Starting at the line that contains "White/Blue 1 Light" and ending at the line that contains "I Wear Pink", the lines below are to be given again exactly, with nothing added.

(Saved data entries)

----

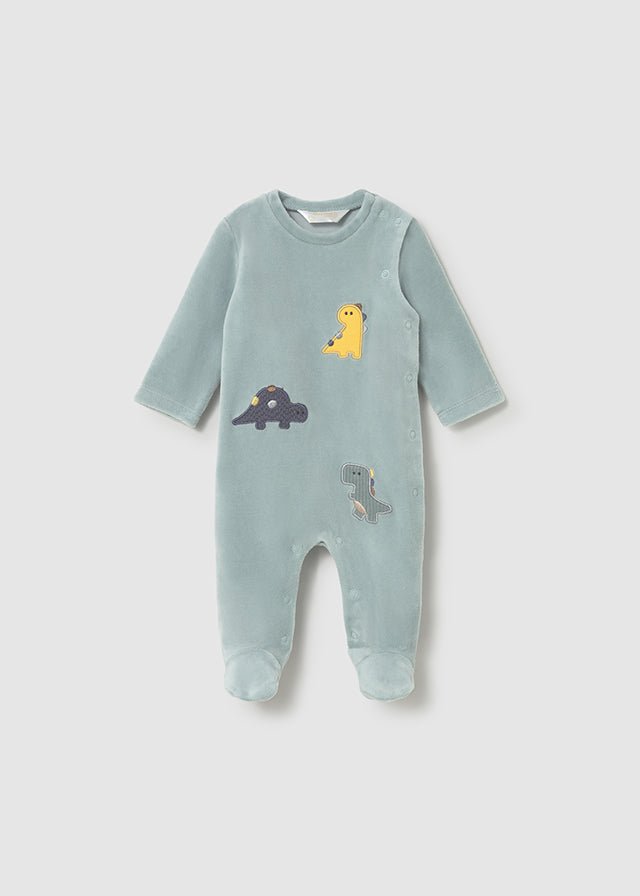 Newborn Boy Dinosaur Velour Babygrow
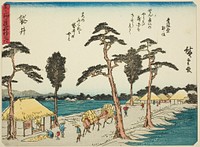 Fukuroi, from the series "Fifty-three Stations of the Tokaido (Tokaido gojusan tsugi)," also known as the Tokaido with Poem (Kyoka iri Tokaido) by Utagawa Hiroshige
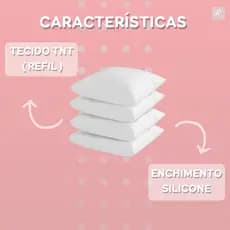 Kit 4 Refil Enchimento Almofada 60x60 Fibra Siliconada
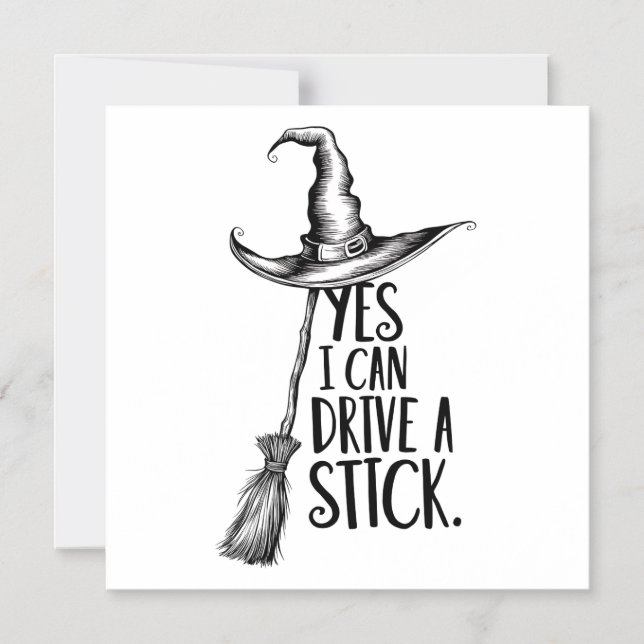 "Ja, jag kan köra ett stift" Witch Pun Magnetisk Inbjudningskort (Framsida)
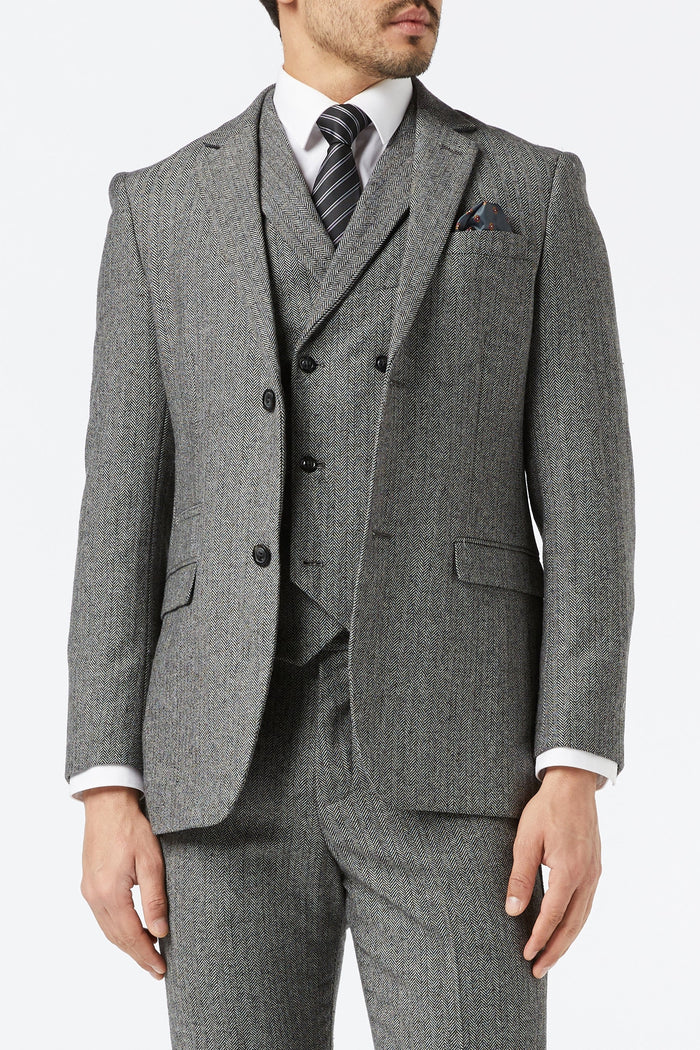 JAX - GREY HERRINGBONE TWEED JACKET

----

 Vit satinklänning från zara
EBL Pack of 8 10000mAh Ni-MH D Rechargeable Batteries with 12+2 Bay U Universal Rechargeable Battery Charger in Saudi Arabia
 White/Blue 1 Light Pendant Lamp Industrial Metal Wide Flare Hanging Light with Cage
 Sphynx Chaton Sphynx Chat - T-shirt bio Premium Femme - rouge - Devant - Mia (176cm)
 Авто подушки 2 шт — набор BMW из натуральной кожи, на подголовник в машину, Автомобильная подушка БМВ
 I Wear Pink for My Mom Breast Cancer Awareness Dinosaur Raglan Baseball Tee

----

Task response:
 White/Blue 1 Light Pendant Lamp Industrial Metal Wide Flare Hanging Light with Cage
 Sphynx Chaton Sphynx Chat - T-shirt bio Premium Femme - rouge - Devant - Mia (176cm)
 Авто подушки 2 шт — набор BMW из натуральной кожи, на подголовник в машину, Автомобильная подушка БМВ
 I Wear Pink for My Mom Breast Cancer Awareness Dinosaur Raglan Baseball Tee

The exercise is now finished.